All lenses vary in brightness at the same f-stop, from a marginal
difference, to more than a stop. There's no way around it, rated f-stop is
only the size of the opening, it has nothing to do with number or quality of
lens elements, or basic lens design.

Sigma's DG lenses (see http://sigma-photo.com/html/zoom_intro.htm) are a
great example. They DG lenses are (quite intentionally) designed to be
brighter at the same f-stop with digital sensors, because not only is the
glassof extremely high quality, but the basic design is such that the rays
are more parallel when exiting the rear element. Same basic thing
microlenses are used for, to capture more of the angled rays at the sensor's
periphery, but Sigma's DG line builds this characteristic into the lenses
themselves. Put a the 24-70 EX DG and 28-70 EX (non-DG) on the same camera
and set the same f-stop, the DG will be about a third stop brighter at the s
ame aperture and focal length than the otherwise fabulous non-DG lens.

The 24-70 EX DG is about a half stop brighter than the 24-70 HF at the same
aperture and focal length - a reflection of the superb value HF's $85
pricetag- even though the EX has 5 more elements, 14 vs. 9.

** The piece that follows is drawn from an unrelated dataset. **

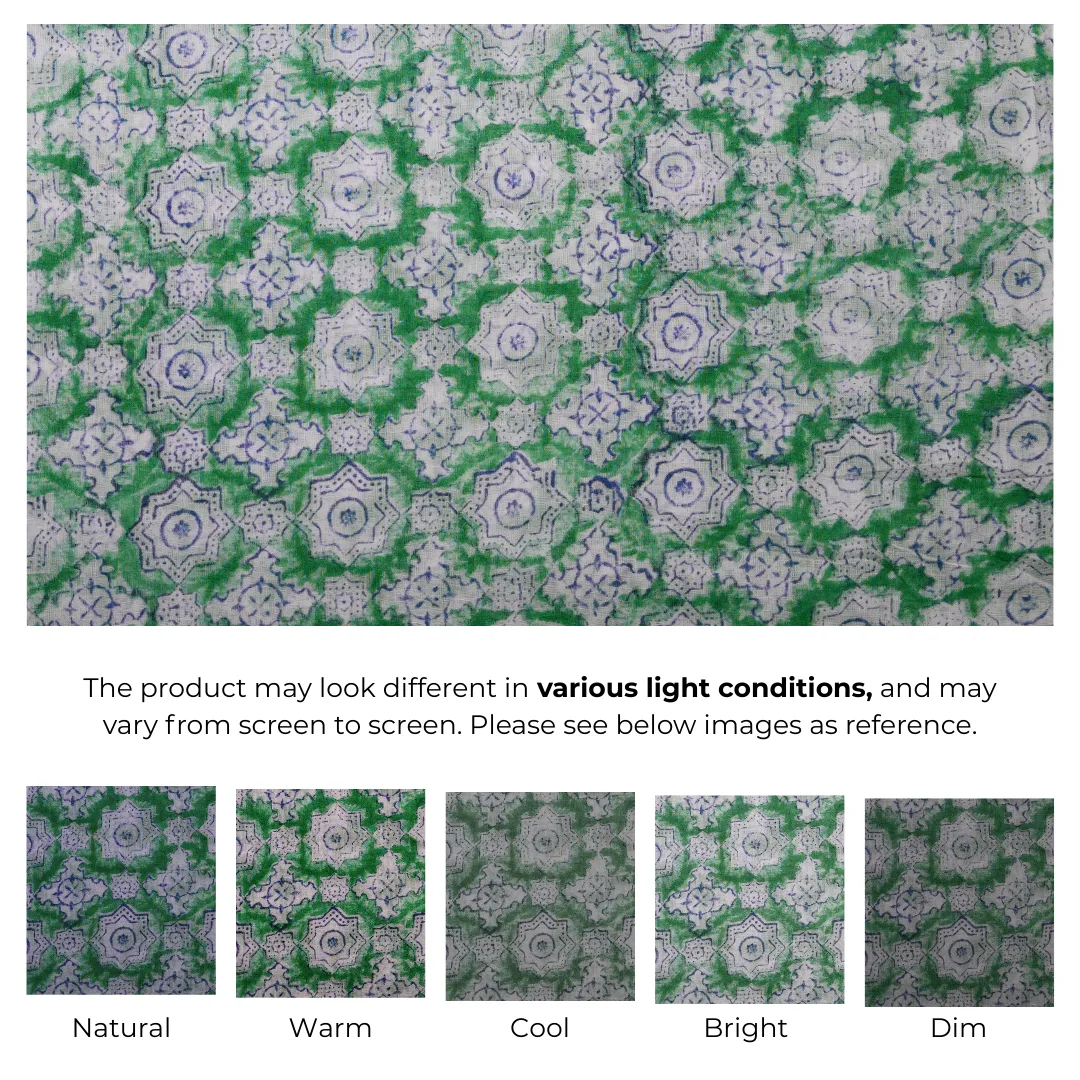 Single-Sided Hand Block Printed Mal Cotton Fabric – Green Floral Motif | Sold Per Meter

In general, prosumer lenses are awful compared to even the cheapest D/SLR
glass. The F707/717 would be one exception, on par with low to mid level
D/SLR glass. But Fuji's f2.8 is not an exception, in fact the min ISO of
160 shows that it is particularly dim. Though dimness is the least of
prosumer lens problems, CA and barrel distortion are borderline absurd on
most prosumers. Take a peek at cracker jack box Fuji optics...
http://www.pbase.com/image/25203605/original

Notice anything about those perfectly straight columns as they rise? Not to
mention visible CA, even without backlighting. Then again, with all the
SuperCCD Bayer interpolation artifacts littering the image, the lens hardly
matters. It's hard to decide what ruins the image most.

That's prosumer Fuji optics at 35mm equivalent, have a look at superior 25mm
equivalent EX DG glass in front of 10.3MP...
http://www.pbase.com/image/24323811/original

Granted, the 15-30 EX DG alone costs about the same as the S602.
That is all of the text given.